Florida 2026: David Jolly governor campaign announcement coming soon

Former Congressman David Jolly, who’s been traveling the state laying the groundwork for a 2026 run for governor, plans to announce his decision in the coming days.

“I expect a decision this week,” he said in a brief interview Saturday night at the Broward Democratic Party’s annual fundraising dinner. “I’ll make a final decision and make it public this week.”

A Jolly candidacy for the Democratic nomination seems all but certain. He’s been holding town halls throughout Florida and meeting with grassroots activists, elected officials and people who can help with fundraising.

Jolly said Broward, the county with the largest number of registered Democrats in the state, is essential to a statewide campaign.

“In many ways the governorship runs through Broward County. If we have (robust) turnout numbers among Broward Democrats but also among Black voters here in Broward and in South Florida, we win the governorship,” Jolly said. “And so I think what you’re seeing here is a coalition emerging that realizes we can win statewide in ’26, but we’ve got to do our work to turn voters out and to persuade voters who maybe haven’t been with us before to be with us.”

Jolly is from Pinellas County, but is familiar to many Democratic activists from his post-congressional time as a political commentator on MSNBC, a favorite cable news source for Democrats.

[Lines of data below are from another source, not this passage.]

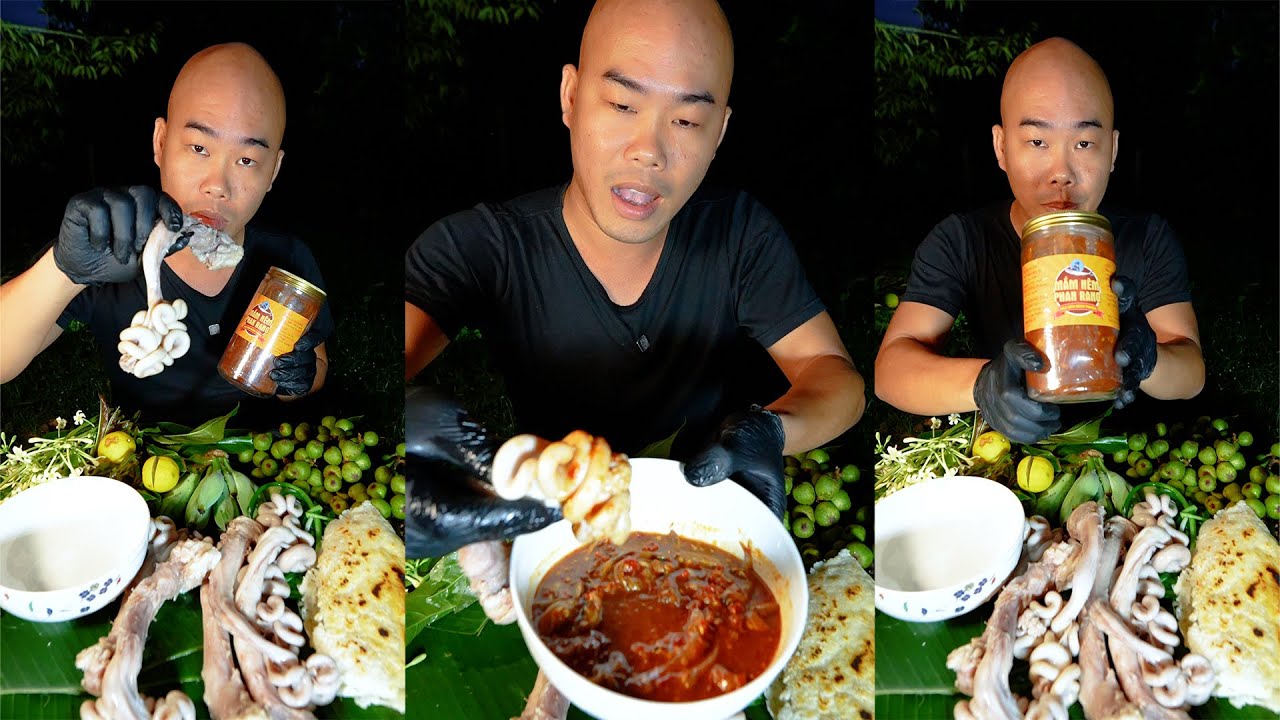 MUKBANG DỒI TRƯỜNG CHẤM MẮM NÊM ĂN VỚI RAU VƯỜN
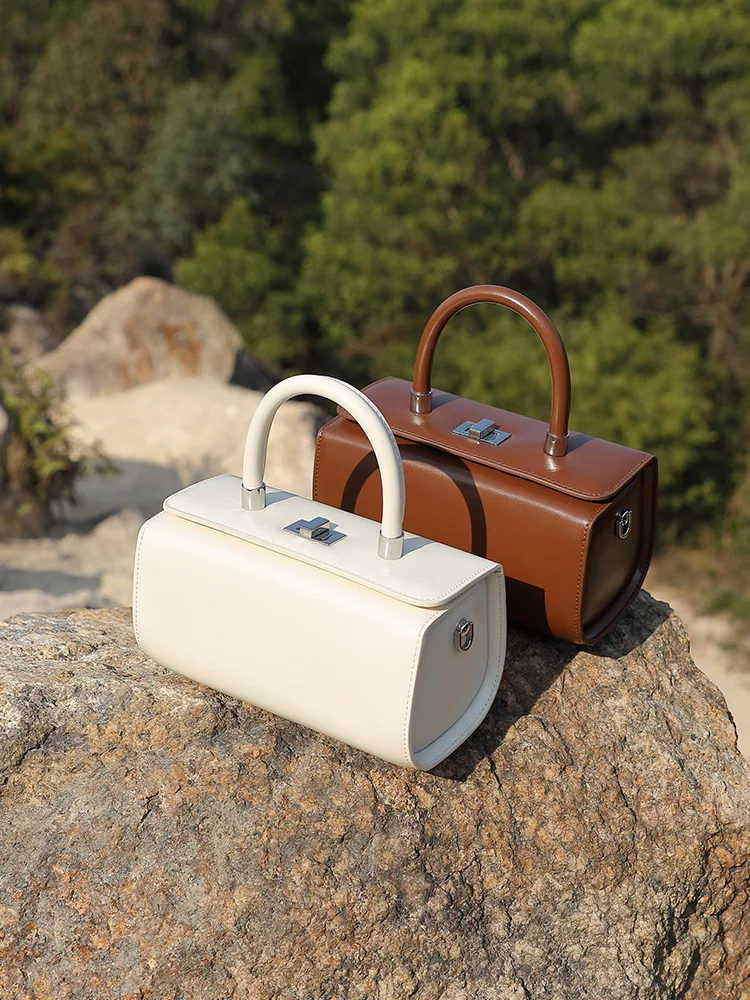 Luxury Minimalist White Leather Crossbody Bag for Women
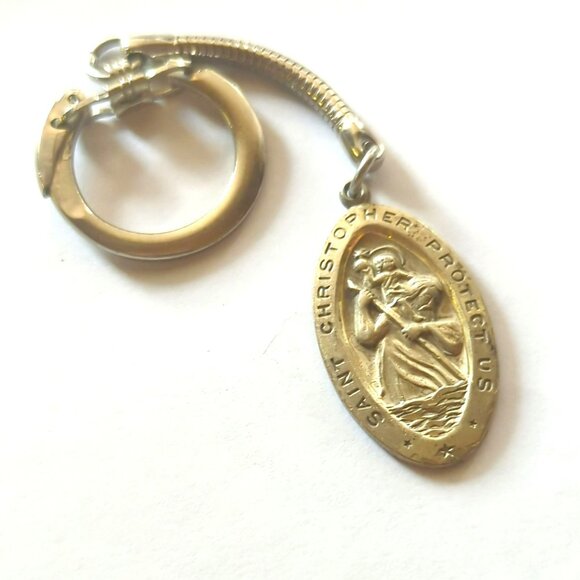 Vintage St Christopher Protect Us Sterling Silver Medallion Pendant Keychain - Picture 1 of 4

He was a Republican for most of his life. While he was still a Republican member of Congress, he urged Donald Trump to drop out of his first presidential race in 2015, after Trump said Muslims should be banned from entering the U.S.

In 2018, Jolly left the Republican Party and became a no-party affiliation/independent voter. In April, he registered as a Democrat and Florida 2026, which can be used for raising and spending political money.

The Florida 2026 website highlights a range of issues Jolly would highlight during a campaign, including the high cost of property insurance, inadequate public school funding, “restoring reproductive freedom,” — which means abortion rights — campaign finance and ethics reform, and reducing gun violence.

At the Democratic dinner, Jolly and his wife Laura sat at a table with Mitchell and Sharon Berger.

Mitchell Berger, a Fort Lauderdale lawyer who has decades of political experience as a major national fundraiser for Democratic presidential, gubernatorial and U.S. Senate candidates, was a close associate of former Vice President Al Gore, has previously said he’d be fully committed to a Jolly candidacy.